Tak Boleh Dibiarkan, Kasus PT IBU Mencari Untung di Antara Dua Derita

Senin, 31 Juli 2017 – 13:26 WIB
Menteri Pertanian Amran Sulaiman (memegang mikrofon) dan Kapolri Jenderal Tito Karnavian (berpeci) usai penggerebekan gudang beras bersubsidi milik PT IBU di Bekasi, Jawa Barat, Kamis (20/7) malam. Foto: Kementan

jpnn.com, JAKARTA - Kepala Balai Besar Mekanisasi Pertanian, Kementerian Pertanian (Kementan), Andi Nur Alam Syah menilai praktek yang dijalankan PT Indo Beras Unggul (IBU) merupakan bisnis yang mencari keuntungan besar tanpa keringat di antara dua derita yang dialami petani, selaku produsen dan masyarakat sebagai konsumen.

Padahal, kedua pihak ini merupakan tanggung jawab penuh negara agar sama-sama mendapatkan keuntungan yang beradilan, yakni petani untung dan masyarakat juga terbantu karena harga beli yang terjangkau.

BACA JUGA: Wuiihh! Tanam Rempah-Rempah, Kekayaan Petani Bisa Kalahkan Gaji Menteri

Nur mengungkapkan derita petani Indonesia yakni terlihat seperti yang dialami Mashuri, petani Desa Karangtengah, Kecamatan Kemangkon, Kabupaten Purbalingga, sejak pagi hingga sore kerja di sawah tidak kenal letih, demi padinya berproduksi baik.

Aktivitas ini berlangsung hingga 120 hari, namun tidak sepenuhnya berjalan mulus, karena ada hama yang meluluhlantakan usahanya.
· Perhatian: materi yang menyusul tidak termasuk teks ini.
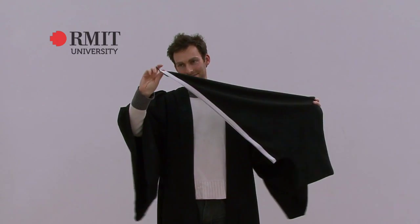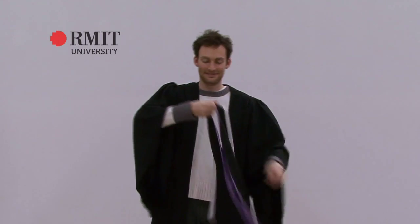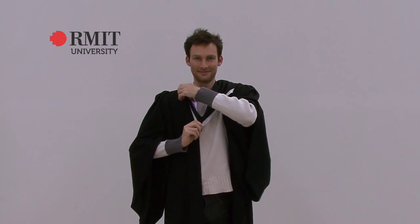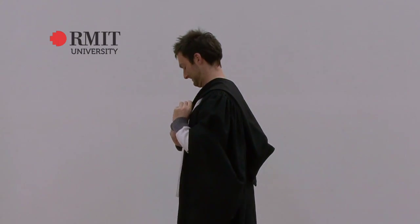Find the button loop on the end of the hood and face it towards the ground. Ensure the colour is on the inside and have the black on the outside. Put the hood over your head with the black side facing up and rest it on the shoulders of your gown. Fold over a section of the hood so the colour underneath is visible. Ask someone to ensure the hood hangs correctly at the back.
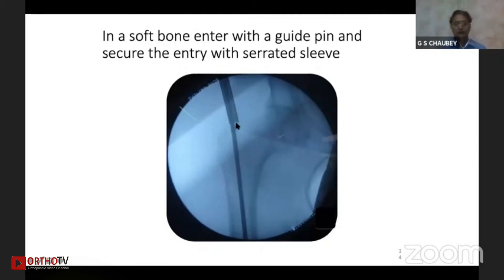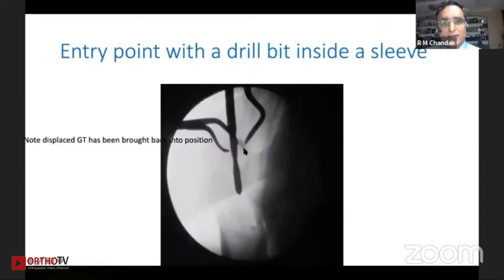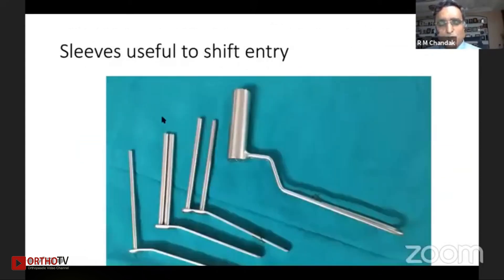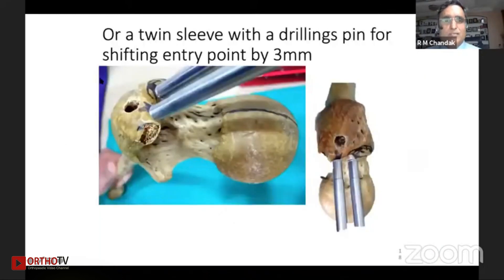A serrated sleeve on the drill can make the entry point secure so that we can exchange the drilling feed with the guide wire. As you can see here, this is the drilling sleeve — the drill has penetrated and the sleeve is inserted on the drill point so that the area is secured. If you want to change the entry point a bit, a honeycomb targeter helps a lot, giving the precise entry point for a PFN. These sleeves allow shifting of the entry point by three millimeters or six millimeters.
Karena itu, jika usaha taninya untung maka uang akan dikantongi, tetapi kalau buntung hutang siap ditanggung.

BACA JUGA: Kadis Kalau Mau Masuk Surga, Harus Berani Kerja Untuk Petani

“Derita petani padi ini tidak banyak diketahui konsumen, mereka hanya melihat padi sudah berubah menjadi beras tanpa mau peduli bagaimana jerih payah petani berjuang demi konsumen. Padahal kalau harga turun drastis petani menderita,” ujar Nur di Jakarta, Senin (31/7).

Sementara itu, derita konsumen yakni jika harga beras melambung tinggi, konsumen menjerit, apalagi tidak semua konsumen berduit.

BACA JUGA: MAPAN Gelar Panen Raya Padi, Semua Pedagang Beli Gabah Di Atas HPP

Perlu dicatat, status ekonomi masyarakat kita sangat beragam, bahkan ada yang dikategorikan sebagai masyarakat miskin. Kendati mereka miskin, mereka juga harus tetap makan beras.

“Dua pokok masalah ini telah menjadi kunci pemerintah untuk hadir ditengah-tengah petani menjalankan roda birokrasinya. Pemerintah harus mampu melindungi dua masalah itu. Petani menjual dengan harga yang menguntungkan (red.sesuai ketentuan), konsumen membeli beras dengan harga yang wajar (red. juga sesuai dengan ketentuan). Inilah nafas keberpihakan Kementerian Pertanian yang dinahkodai oleh Dr. Andi Amran Sulaiman saat ini,” terang Nur,

Karena itu, melihat terjadinya disparitas harga yang dilakukan oleh sekelompok usaha, Nur sangat menyayangkan perilaku yang dilakukan oleh anak bangsa.

Para pelaku itu tidak terketuk hatinya melihat derita petani dan jeritan konsumen. Padahal, di dalam produksi beras milik petani itu banyak subsidi yang disiapkan pemerintah. Tujuannya, harga yang diterima petani itu menguntungkan dan mampu menopang kesejahteraan petani, serta harga yang diterima konsumen adalah harga yang wajar.

“Karena itu pemerintah mengeluarkan Perpres untuk penetapan dan penyimpanan bahan pokok dan penting. Permendag juga mengatur harga acuan bawah untuk melindungi petani dan harga acuan atas untuk melindungi konsumen. Pemerintah menjaga dua rantai ini dari pihak ketiga, yaitu para makelar” ujarnya.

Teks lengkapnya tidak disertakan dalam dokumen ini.